There is a difference between existence of integral and integrability in Lebesgue (but not Riemann) integration. A measurable function $f$ (taking values in $[-\infty,\infty]$, on some measure space with measure $\mu$) is said to be Lebesgue integrable if $\int {|f|d\mu } < \infty $. As usual, let $f^+$ and $f^-$ be the (nonnegative) functions defined by $f^ + (x) = \max \{ f(x),0\}$ and $f^ - (x) = -\min \{ f(x),0\}$, so that $|f|=f^+ + f^-$. Then, $f$ is integrable if and only if $\int {f^ + d\mu } < \infty$ and $\int {f^ - d\mu } < \infty$; in this case, $$ \int {fd\mu } : = \int {f^ + d\mu } - \int {f^ - d\mu } $$ (in particular, the integral of an integrable function is finite). However, $f$ need not be integrable in order that the integral $\int {fd\mu }$ be defined. Indeed, the definition of $\int {fd\mu }$ for nonnegative measurable $f$ allows it to take the value $\infty$.

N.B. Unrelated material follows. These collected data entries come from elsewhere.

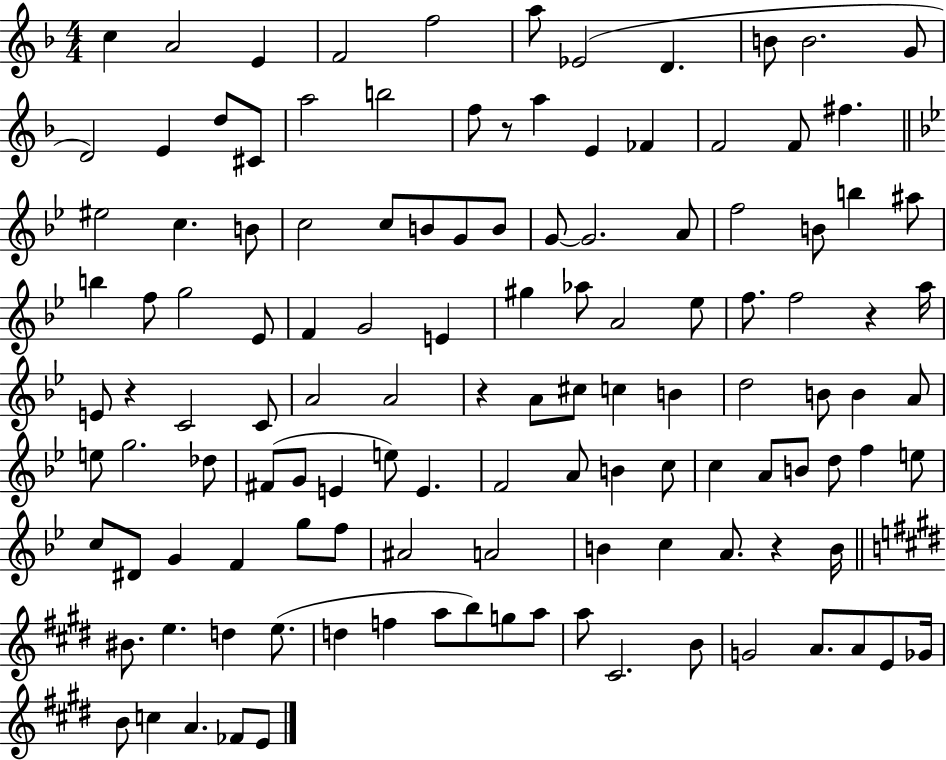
X:1
T:Untitled
M:4/4
L:1/4
K:F
c A2 E F2 f2 a/2 _E2 D B/2 B2 G/2 D2 E d/2 ^C/2 a2 b2 f/2 z/2 a E _F F2 F/2 ^f ^e2 c B/2 c2 c/2 B/2 G/2 B/2 G/2 G2 A/2 f2 B/2 b ^a/2 b f/2 g2 _E/2 F G2 E ^g _a/2 A2 _e/2 f/2 f2 z a/4 E/2 z C2 C/2 A2 A2 z A/2 ^c/2 c B d2 B/2 B A/2 e/2 g2 _d/2 ^F/2 G/2 E e/2 E F2 A/2 B c/2 c A/2 B/2 d/2 f e/2 c/2 ^D/2 G F g/2 f/2 ^A2 A2 B c A/2 z B/4 ^B/2 e d e/2 d f a/2 b/2 g/2 a/2 a/2 ^C2 B/2 G2 A/2 A/2 E/2 _G/4 B/2 c A _F/2 E/2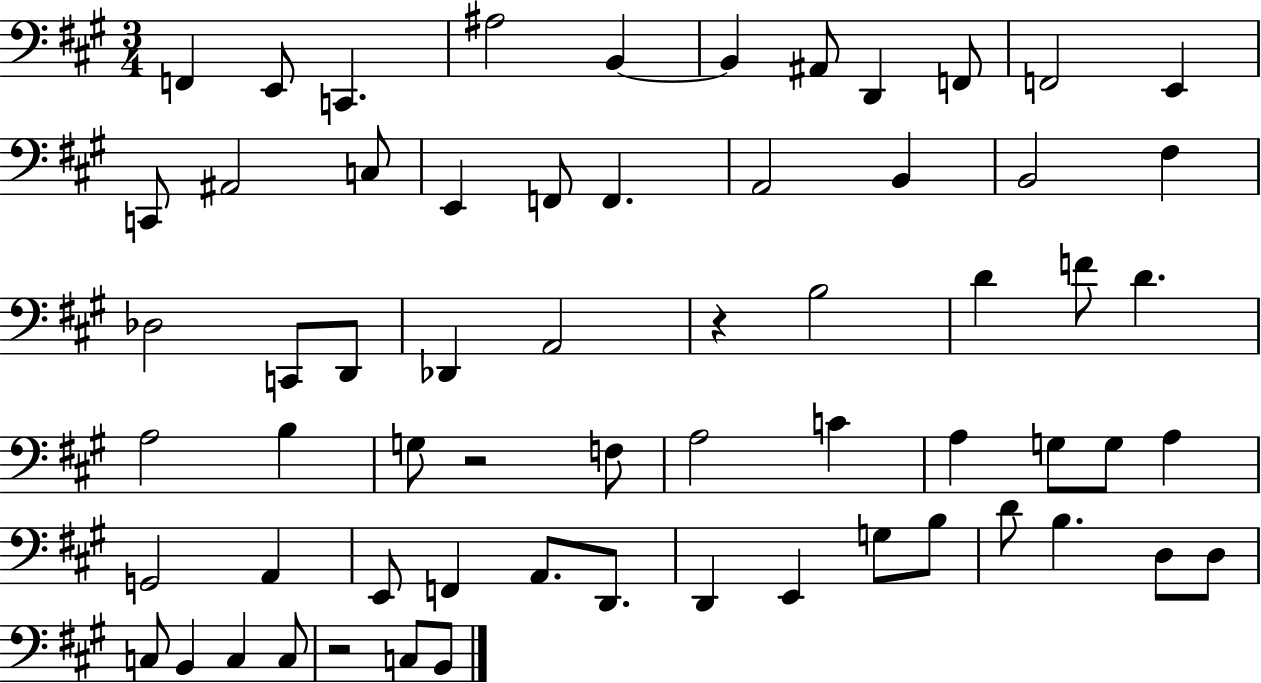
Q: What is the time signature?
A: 3/4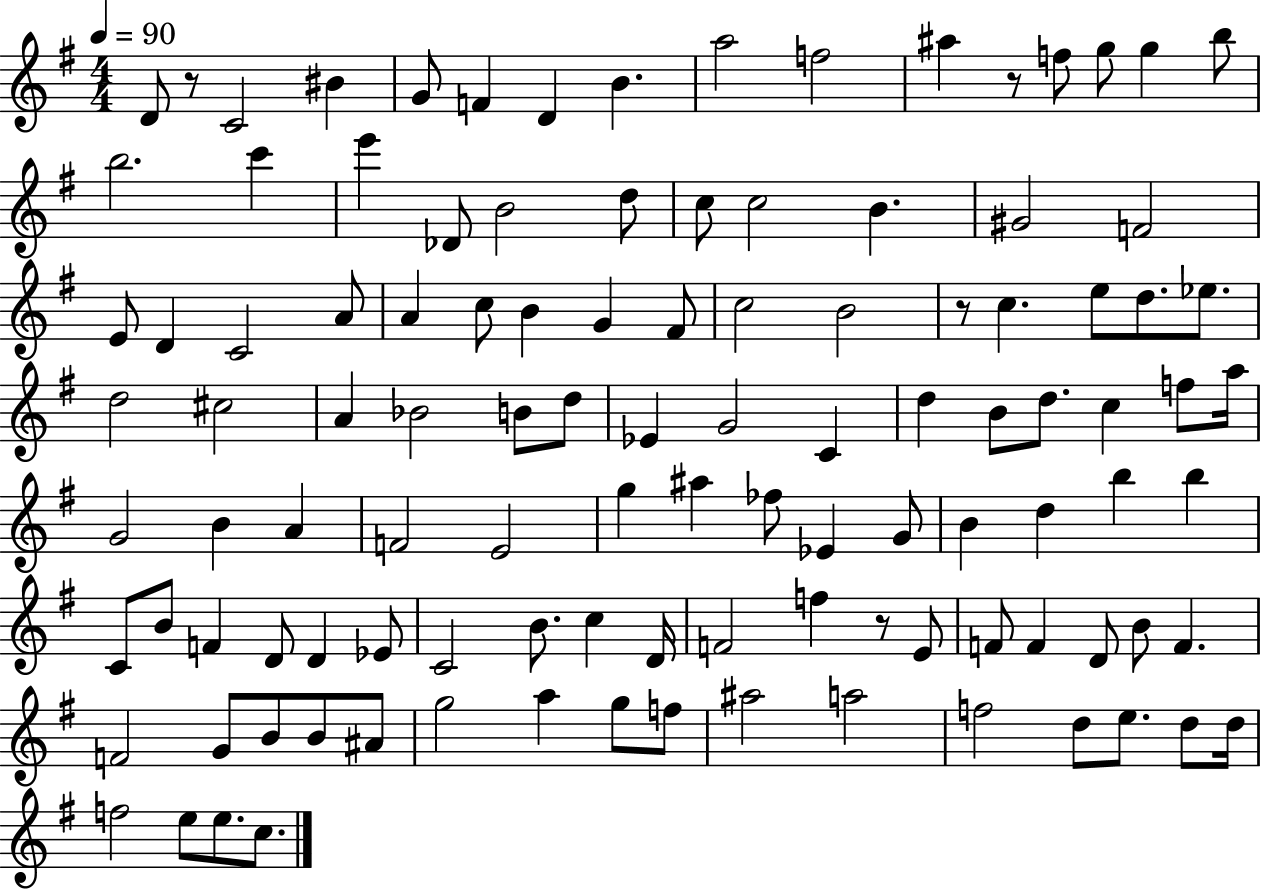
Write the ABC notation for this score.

X:1
T:Untitled
M:4/4
L:1/4
K:G
D/2 z/2 C2 ^B G/2 F D B a2 f2 ^a z/2 f/2 g/2 g b/2 b2 c' e' _D/2 B2 d/2 c/2 c2 B ^G2 F2 E/2 D C2 A/2 A c/2 B G ^F/2 c2 B2 z/2 c e/2 d/2 _e/2 d2 ^c2 A _B2 B/2 d/2 _E G2 C d B/2 d/2 c f/2 a/4 G2 B A F2 E2 g ^a _f/2 _E G/2 B d b b C/2 B/2 F D/2 D _E/2 C2 B/2 c D/4 F2 f z/2 E/2 F/2 F D/2 B/2 F F2 G/2 B/2 B/2 ^A/2 g2 a g/2 f/2 ^a2 a2 f2 d/2 e/2 d/2 d/4 f2 e/2 e/2 c/2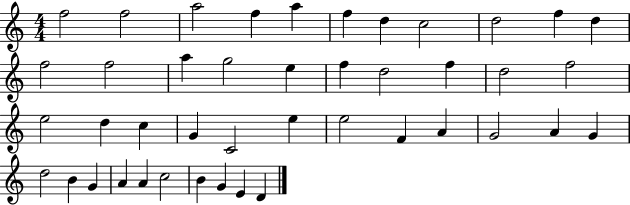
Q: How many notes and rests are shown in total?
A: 43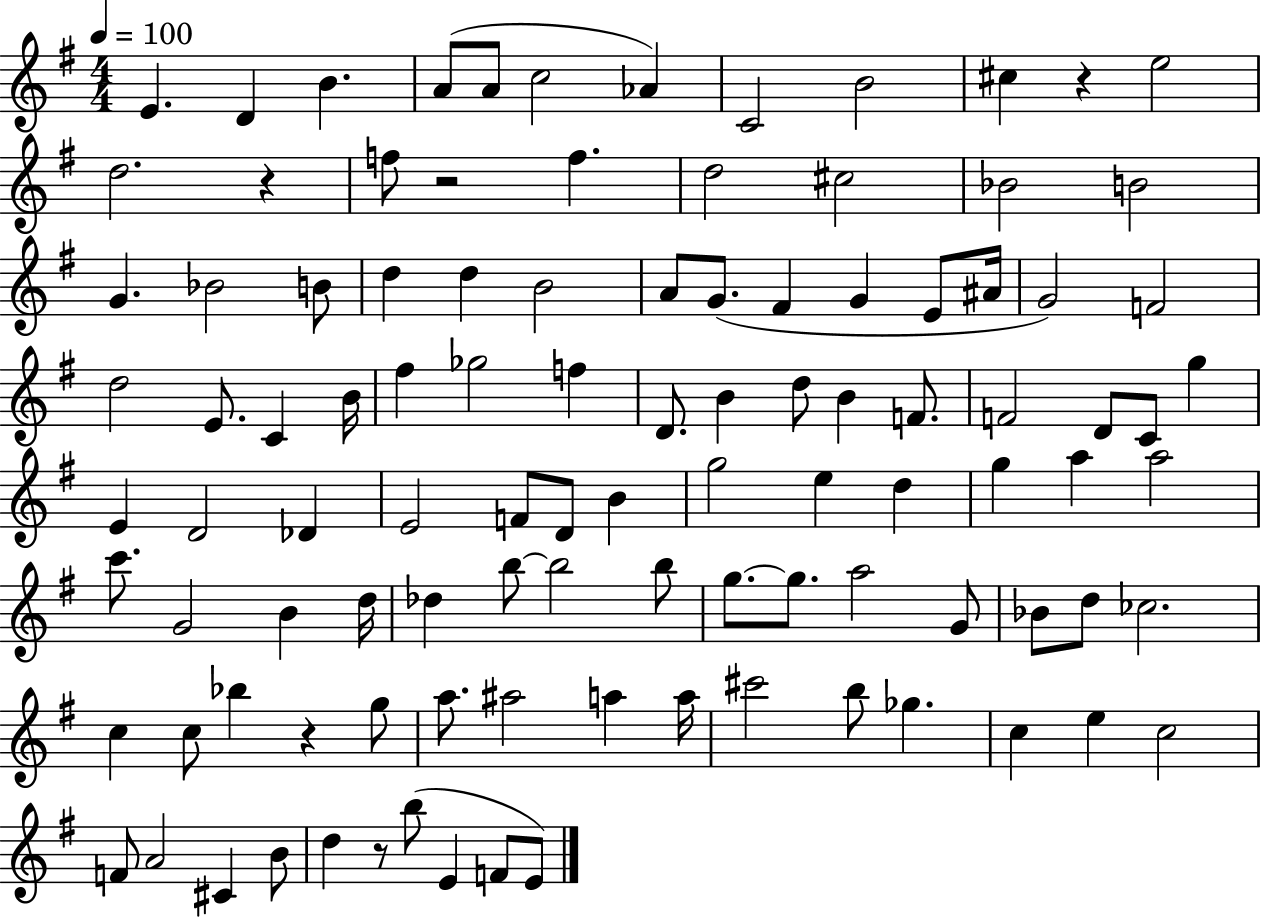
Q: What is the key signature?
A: G major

With the convention that $\infty - c = \infty$ and $c - \infty = -\infty$, for $c$ finite, the above definition of $\int {fd\mu }$ holds whenever $\int {f^ + d\mu } \leq \infty$ and $\int {f^ - d\mu } < \infty$ or $\int {f^ + d\mu } < \infty$ and $\int {f^ - d\mu } \leq \infty$. The integral $\int {fd\mu }$ does not exist if and only if $\int {f^ + d\mu } = \infty$ and $\int {f^ - d\mu } = \infty$ (since $\infty - \infty$ is not defined).

Examples: $\int_{(0,1]} {x^{ - 1} dx} = \infty$ (where $dx$ stands for Lebesgue measure), so the integral exists but $x^{-1}$ is not integrable on $(0,1]$. On the other hand, the integral $\int_{(0,1]} {\frac{{\sin (1/x)}}{x}dx}$ does not exist, since $\int_{(0,1]} {\big[\frac{{\sin (1/x)}}{x}\big]^ + }dx = \infty $ and $\int_{(0,1]} {\big[\frac{{\sin (1/x)}}{x}\big]^ - }dx = \infty $ (in particular, $\frac{{\sin (1/x)}}{x}$ is not integrable on $(0,1]$).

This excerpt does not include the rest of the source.